Menschen mit einer Behinderung, die einen Beistand haben, dürfen aktuell nicht abstimmen oder wählen. Der Nationalrat diskutiert, ob sich das ändern soll. In der zuständigen Kommission fand die Forderung eine knappe Mehrheit.

Die Bundesverfassung gewährt allen Schweizerinnen und Schweizern ab 18 Jahren politische Rechte. Allerdings schließt sie Personen aus, die wegen “Geistesschwäche oder Geisteskrankheit” entmündigt wurden. Staatsrechtsprofessor Markus Schefer kritisiert diesen veralteten Wortlaut. Er betont, dass die Regelung nicht mit der UNO-Behindertenrechtskonvention vereinbar ist. Diese verlangt, dass eine Behinderung nicht als Grund für eine Benachteiligung dienen darf.

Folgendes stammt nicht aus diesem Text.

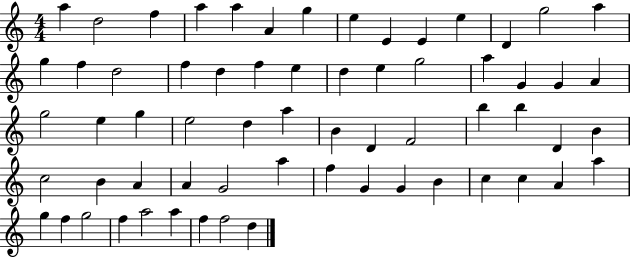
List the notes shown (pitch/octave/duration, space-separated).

A5/q D5/h F5/q A5/q A5/q A4/q G5/q E5/q E4/q E4/q E5/q D4/q G5/h A5/q G5/q F5/q D5/h F5/q D5/q F5/q E5/q D5/q E5/q G5/h A5/q G4/q G4/q A4/q G5/h E5/q G5/q E5/h D5/q A5/q B4/q D4/q F4/h B5/q B5/q D4/q B4/q C5/h B4/q A4/q A4/q G4/h A5/q F5/q G4/q G4/q B4/q C5/q C5/q A4/q A5/q G5/q F5/q G5/h F5/q A5/h A5/q F5/q F5/h D5/q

Entmündigung als letzter Ausweg

Heute können rund 16’000 Menschen in der Schweiz nicht abstimmen oder wählen, weil sie im Alltag auf einen Beistand angewiesen sind. Selbst Gegner der Gesetzesänderung im Parlament empfinden den Verfassungsartikel als unglücklich. Sie fordern jedoch, dass die Kantone Entmündigungen nur als letztes Mittel einsetzen.

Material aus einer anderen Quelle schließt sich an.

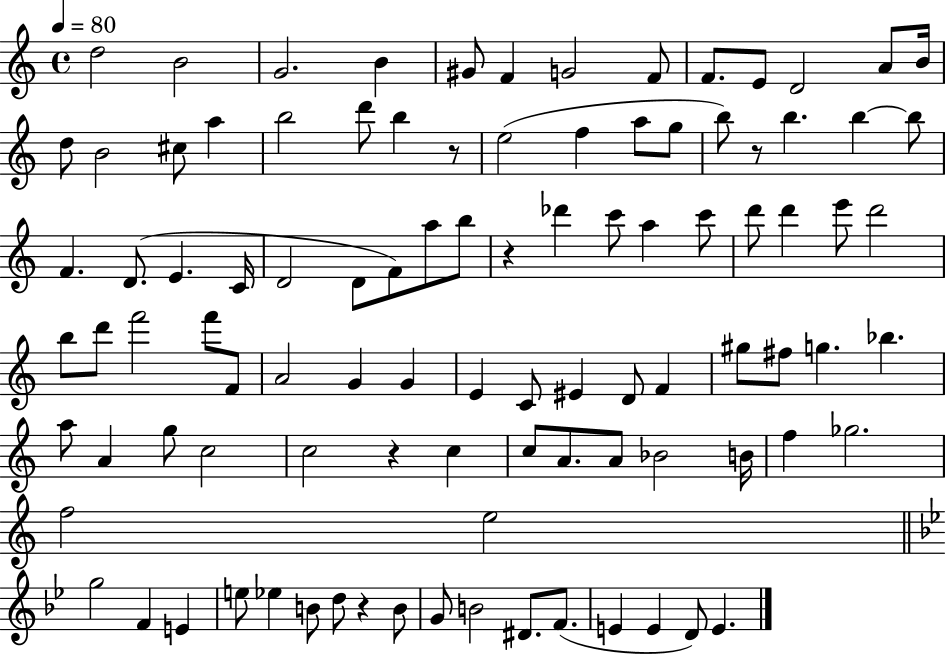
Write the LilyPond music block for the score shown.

Markus Schefer widerspricht der Verknüpfung von Beistand und politischem Stimmrecht. Ob jemand einen Beistand braucht, sagt nichts über die Fähigkeit aus, eine politische Meinung zu bilden. Fabian Putzing von der Organisation Insieme Schweiz sieht es genauso. In der Schweiz müssen Bürgerinnen und Bürger keine Tests bestehen, um politische Rechte auszuüben. Menschen mit Behinderung unterliegen strengeren Regeln als andere.

Beeinflussung als Risiko?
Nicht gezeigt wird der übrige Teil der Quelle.